> Directions:
The answer must be only the lines below from the one holding "Snapshot of stepha__" down to the one holding "4th image of 36 W Cedar Ave", ends included, printed exactly; please omit all pictures.

> Data records:
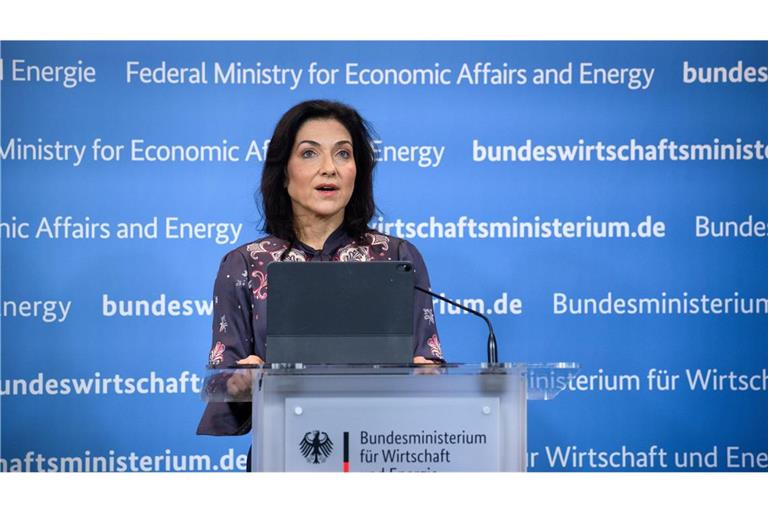 Katherina Reiche (CDU), Bundesministerin für Wirtschaft und Energie, äußert sich bei einer Pressekonferenz zur Freigabe von Ölreserven und zur Überprüfung von Spritpreisen.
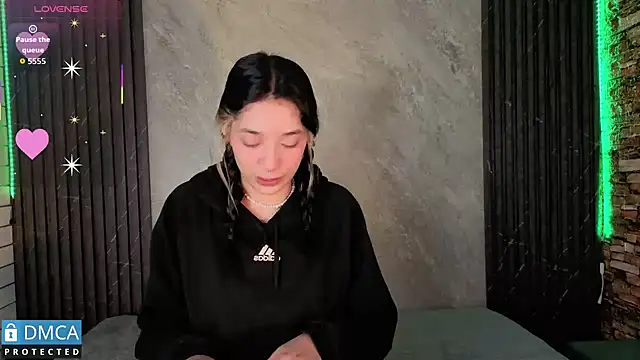 Snapshot of stepha__ chatting on December 15, 2025, 12:09 pm stepha online show from December 15, 2025, 12:09 pm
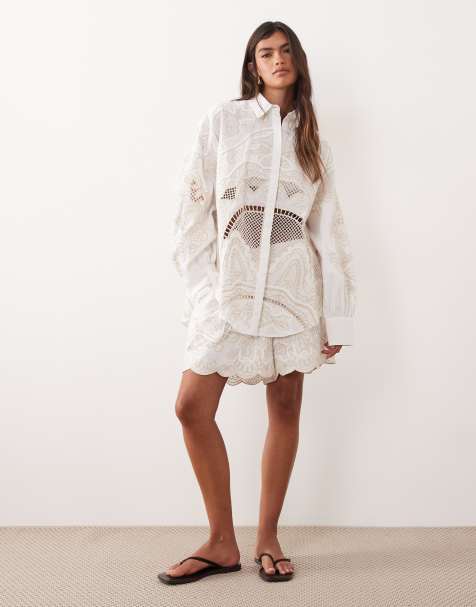 ARRANGE – Set in Weiß mit gesticktem Lochmuster, bestehend aus Oversize-Hemdbluse und Shorts - view 1
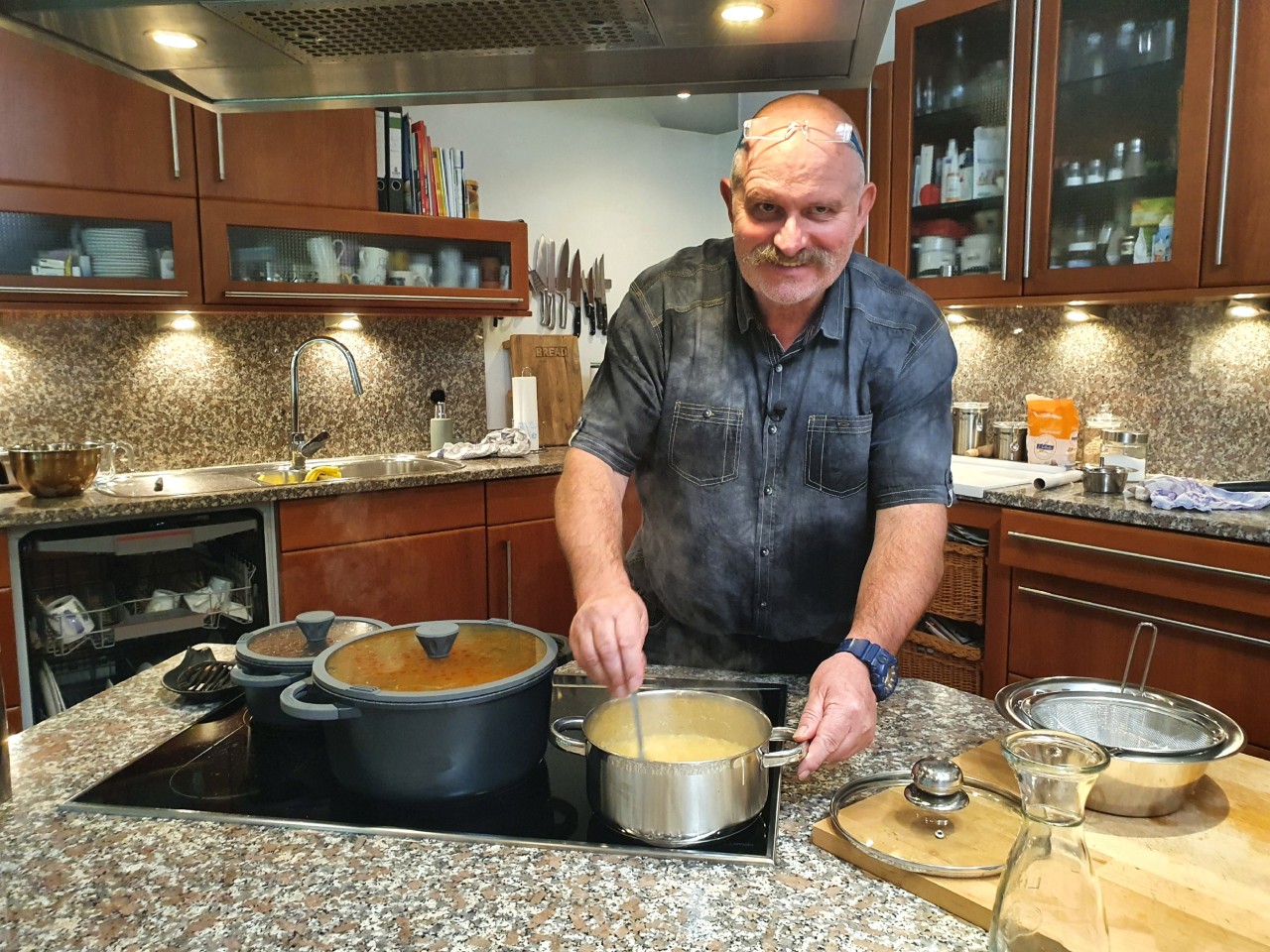„Das perfekte Dinner”-Kandidat Heinz-Georg will in der Vox-Show seine Mitstreiter von seinen Kochkünsten überzeugen.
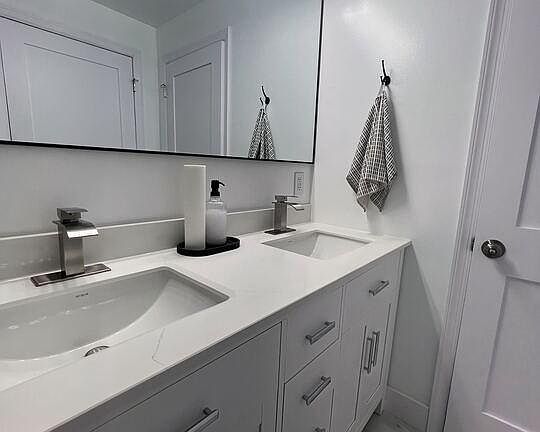 4th image of 36 W Cedar Ave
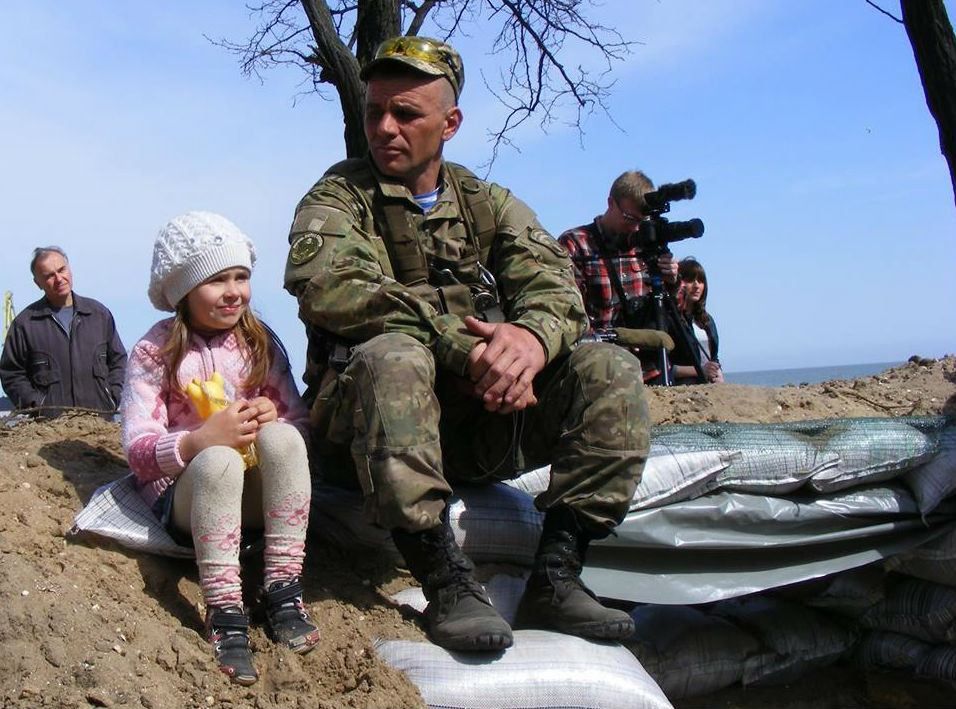 Ми скоро повернемось і разом усміхнемось, — бійці привітали дітей Ми скоро повернемось і разом усміхнемось, — бійці привітали дітей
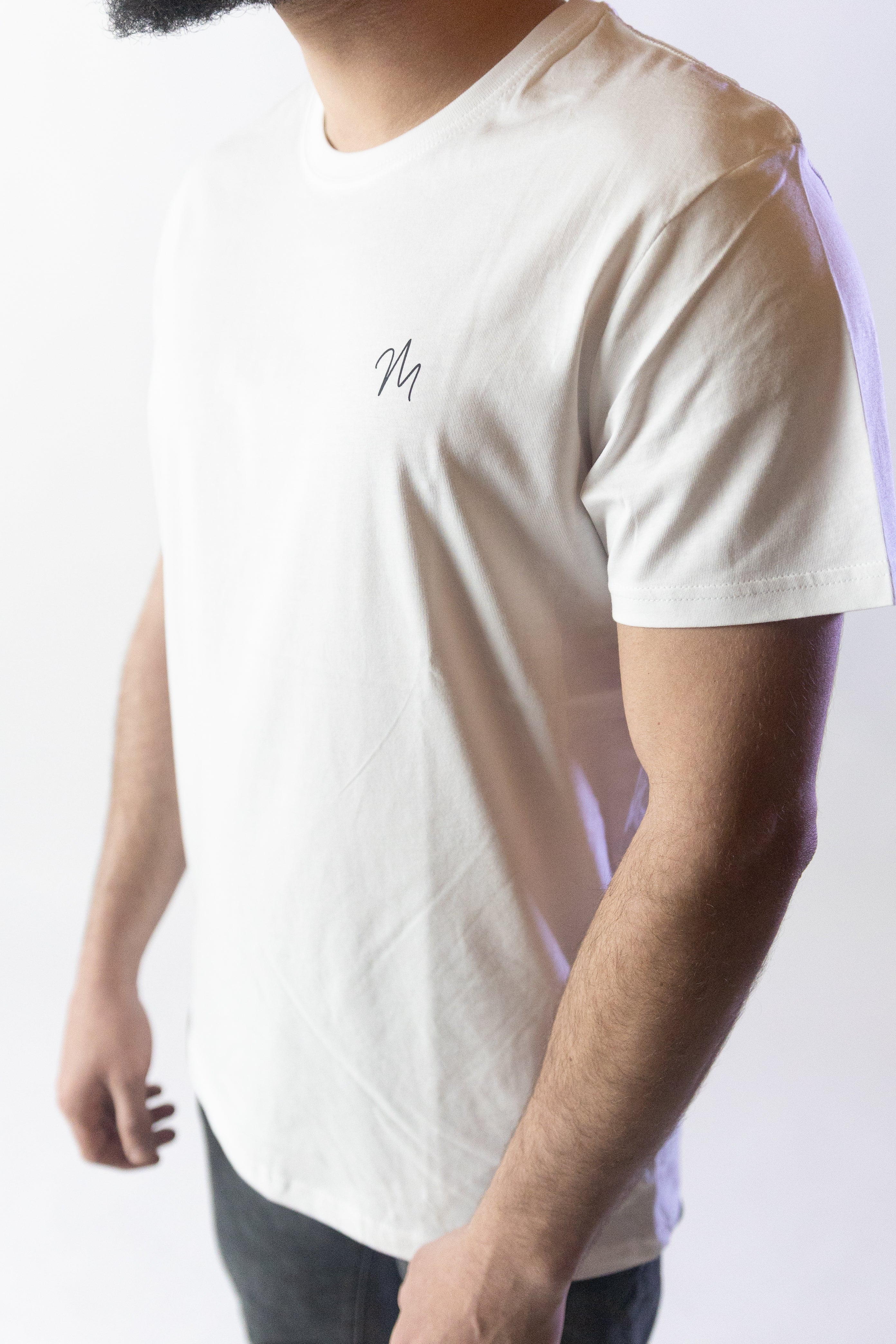 Image du t-shirt en coton blanc London de Mauritti, un modèle à col rond et manches courtes qui apporte une touche de fraîcheur et de simplicité à toute garde-robe. Confectionné en 100% coton, ce t-shirt présente une coupe décontractée, idéale pour un style casual et confortable. Sa couleur blanche intemporelle en fait un essentiel polyvalent pour des looks décontractés.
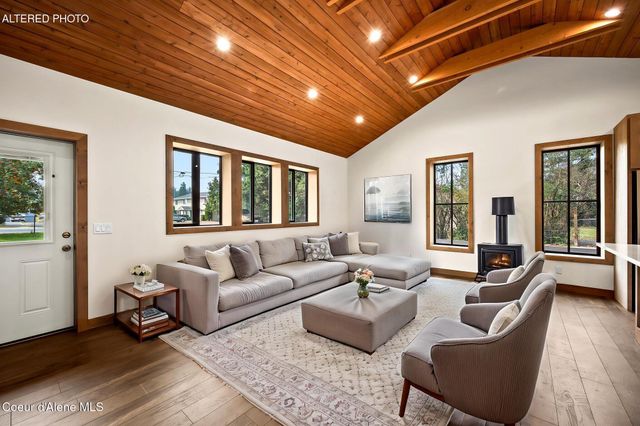 167 E Dakota AVE, Hayden, ID 83835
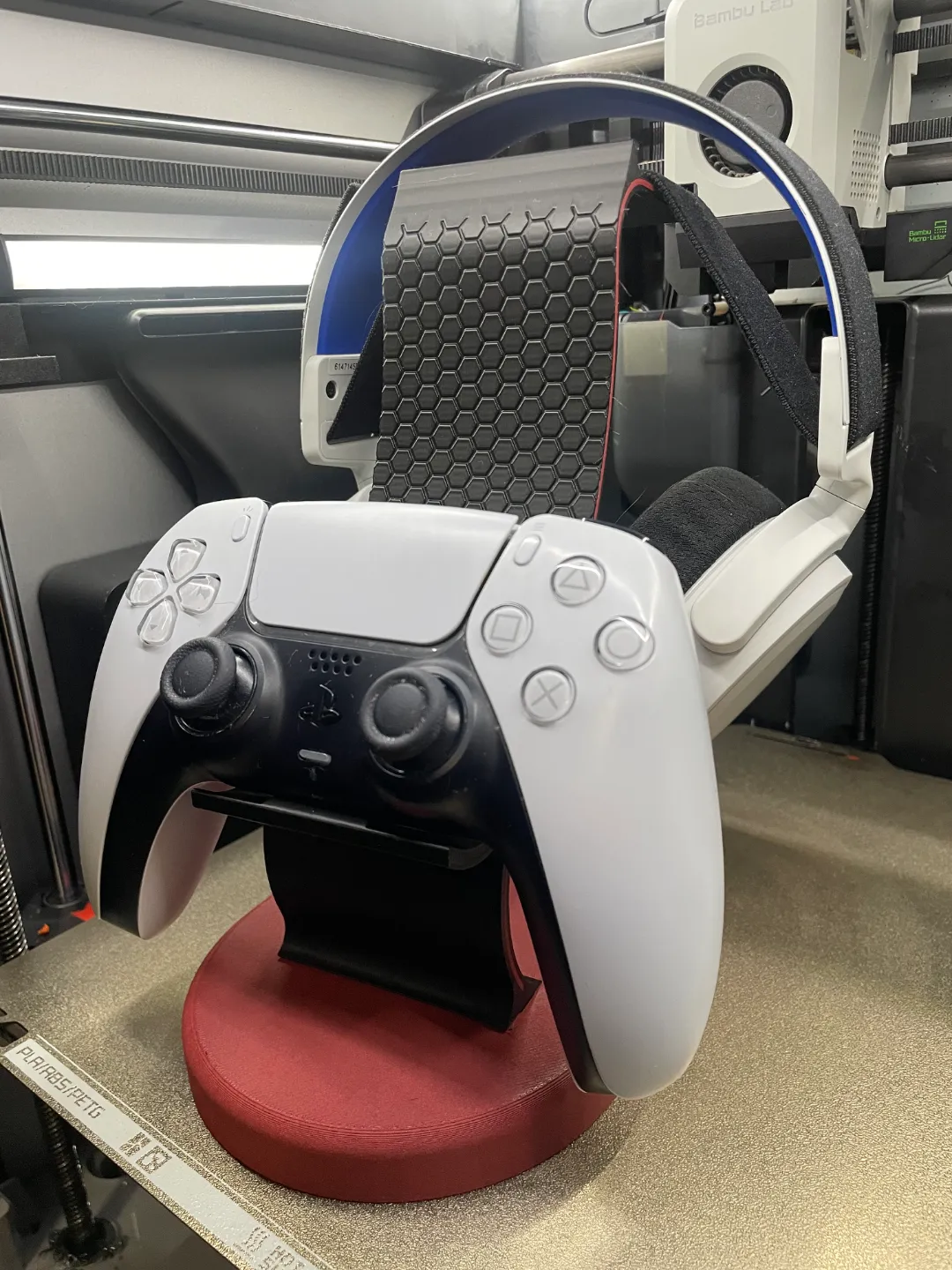 PS5 Controller & Headphone Stand, photo 2 of 4 - PS5 Controller & Headphone Stand Hobby & DIY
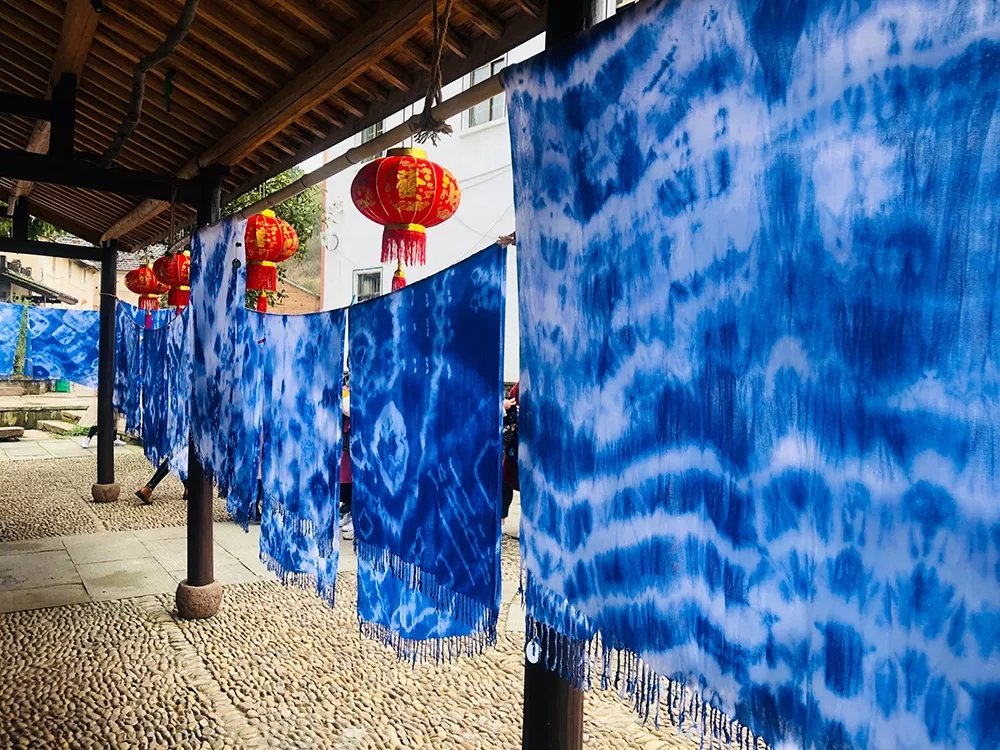 srkm40371999's tweet photo. Try traditional Wuzhou tie-dyeing and produce beautiful patterns with needles, thread, cotton cloth, brushes at #Yantou Village in #Jinhua. https://t.co/1J9PnRJQZa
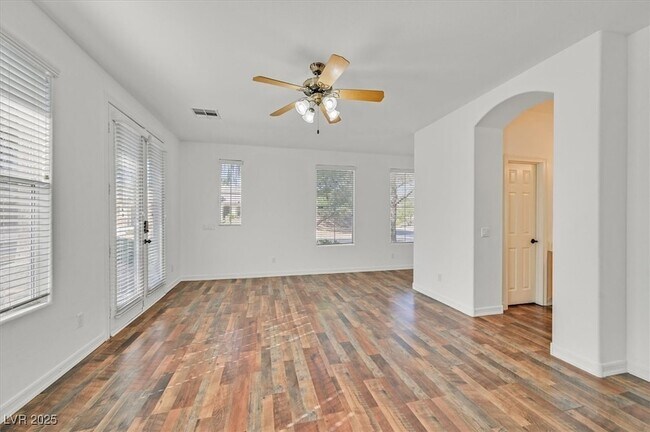 Building Photo - 7221 Sandy Plains Ave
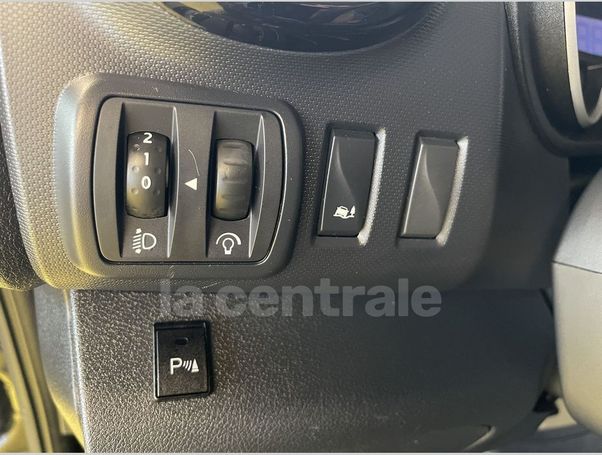 Renault Trafic Grand dCi EDC 107 kW image number 10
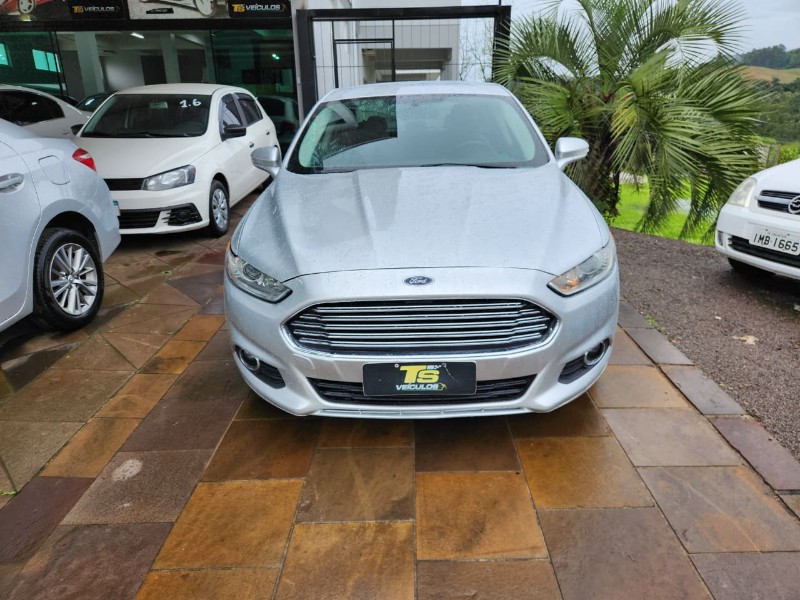 FORD FUSION 2.5 2013/2013 TS VEÍCULOS ANTA GORDA / Carros no Vale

> Exercise solution:
 Snapshot of stepha__ chatting on December 15, 2025, 12:09 pm stepha online show from December 15, 2025, 12:09 pm
 ARRANGE – Set in Weiß mit gesticktem Lochmuster, bestehend aus Oversize-Hemdbluse und Shorts - view 1
„Das perfekte Dinner”-Kandidat Heinz-Georg will in der Vox-Show seine Mitstreiter von seinen Kochkünsten überzeugen.
 4th image of 36 W Cedar Ave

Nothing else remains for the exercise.